On the sensor - that is a non issue. If the detection bothers anybody, a trivial workaround is to simply cut out that that small portion of their Gel. Presto - no detection.


----------



## wickidwombat (May 21, 2012)

any reason these wont work?
http://www.ebay.com.au/itm/LumiQuest-FXTRA-8-Universal-Rosco-Flash-Gels-Holder-NEW-/360457488939?pt=Camera_Flash_Accessories&hash=item53ecf0ca2b


----------



## FunPhotons (May 22, 2012)

wickidwombat said:


> any reason these wont work?
> http://www.ebay.com.au/itm/LumiQuest-FXTRA-8-Universal-Rosco-Flash-Gels-Holder-NEW-/360457488939?pt=Camera_Flash_Accessories&hash=item53ecf0ca2b



I have some like that. They're too wide, and not long enough. You can stick them in there and get some effect, but not total coverage I think.


----------



## wickidwombat (May 22, 2012)

FunPhotons said:


> wickidwombat said:
> 
> 
> > any reason these wont work?
> ...


really? those i posted stick out about an inch longer than a 580 exii is wide


----------



## FunPhotons (May 22, 2012)

wickidwombat said:


> FunPhotons said:
> 
> 
> > wickidwombat said:
> ...



You really want a 3x3 for the 600 gel.


----------



## mikeojohnson (May 29, 2012)

These fit, not elegantly, but they fit. They won't trigger the read though.
mike
http://www.expoimaging.com/product-detail.php?cat_id=13&product_id=25&keywords=Rogue_Flash_Gel_Kits


----------



## Chris Burch (May 29, 2012)

After using the gel that came with my 600, I wasn't so impressed. It doesn't fit the holder all that well, was difficult to keep in place while attaching and it's incredibly flimsy -- don't see it lasting very long at all. I'll probably just cut up the gels I have now to fit inside the holder. Changing the white balance manually to accommodate is hardly even worth mentioning. The auto sensing thing didn't even work consistently with my 5D3 anyway.


----------



## FunPhotons (May 30, 2012)

Chris Burch said:


> After using the gel that came with my 600, I wasn't so impressed. It doesn't fit the holder all that well, was difficult to keep in place while attaching and it's incredibly flimsy -- don't see it lasting very long at all. I'll probably just cut up the gels I have now to fit inside the holder. Changing the white balance manually to accommodate is hardly even worth mentioning. The auto sensing thing didn't even work consistently with my 5D3 anyway.

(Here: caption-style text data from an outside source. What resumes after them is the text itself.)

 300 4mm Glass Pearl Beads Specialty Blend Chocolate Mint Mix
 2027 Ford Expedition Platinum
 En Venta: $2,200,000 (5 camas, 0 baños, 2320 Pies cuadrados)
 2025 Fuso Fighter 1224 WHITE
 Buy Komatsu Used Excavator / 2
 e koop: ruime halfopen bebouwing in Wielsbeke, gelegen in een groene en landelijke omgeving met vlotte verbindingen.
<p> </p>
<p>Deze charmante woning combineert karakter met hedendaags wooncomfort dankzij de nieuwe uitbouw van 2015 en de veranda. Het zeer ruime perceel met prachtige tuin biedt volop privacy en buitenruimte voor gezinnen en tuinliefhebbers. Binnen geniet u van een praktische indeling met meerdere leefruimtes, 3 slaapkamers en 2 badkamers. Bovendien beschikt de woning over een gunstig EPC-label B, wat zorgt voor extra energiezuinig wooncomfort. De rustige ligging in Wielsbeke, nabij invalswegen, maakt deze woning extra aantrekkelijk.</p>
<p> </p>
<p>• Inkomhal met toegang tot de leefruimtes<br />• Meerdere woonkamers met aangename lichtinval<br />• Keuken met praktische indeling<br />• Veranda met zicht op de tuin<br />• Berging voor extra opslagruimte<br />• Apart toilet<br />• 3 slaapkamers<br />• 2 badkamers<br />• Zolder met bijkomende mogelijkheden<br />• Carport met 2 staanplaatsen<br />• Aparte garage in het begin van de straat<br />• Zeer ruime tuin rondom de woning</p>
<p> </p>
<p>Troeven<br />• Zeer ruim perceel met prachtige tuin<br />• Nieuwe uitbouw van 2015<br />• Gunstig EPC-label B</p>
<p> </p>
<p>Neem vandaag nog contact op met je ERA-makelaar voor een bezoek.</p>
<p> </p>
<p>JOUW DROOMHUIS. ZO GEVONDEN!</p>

The way to put it in is to slide in from the bottom, the two upper corners tuck into the slots, then the bottom tab slips into the two fingers on the bottom. If you practice a little I've found it to be the quickest way to get a gel on the flash, additionally - at least while in the holder - the gels are much more protected then any other system. 

They do use a thin gel material, a thick isn't necessary with their system and is probably easier to insert. Thinner might translate to better light transmission too.


----------



## PeterJ (Oct 27, 2012)

I came here to post the same question as the OP, so thought I'd bump and see if anything has changed in the past 5 months and maybe there are some 3rd party filters available now?

Failing that I can cut my own but does anyone have ideas on a fluorescent correction filter kit and a place to buy one that ships internationally? Just looking at a few places locally (Australia) they only seem to stock the 'artistic' filters.


----------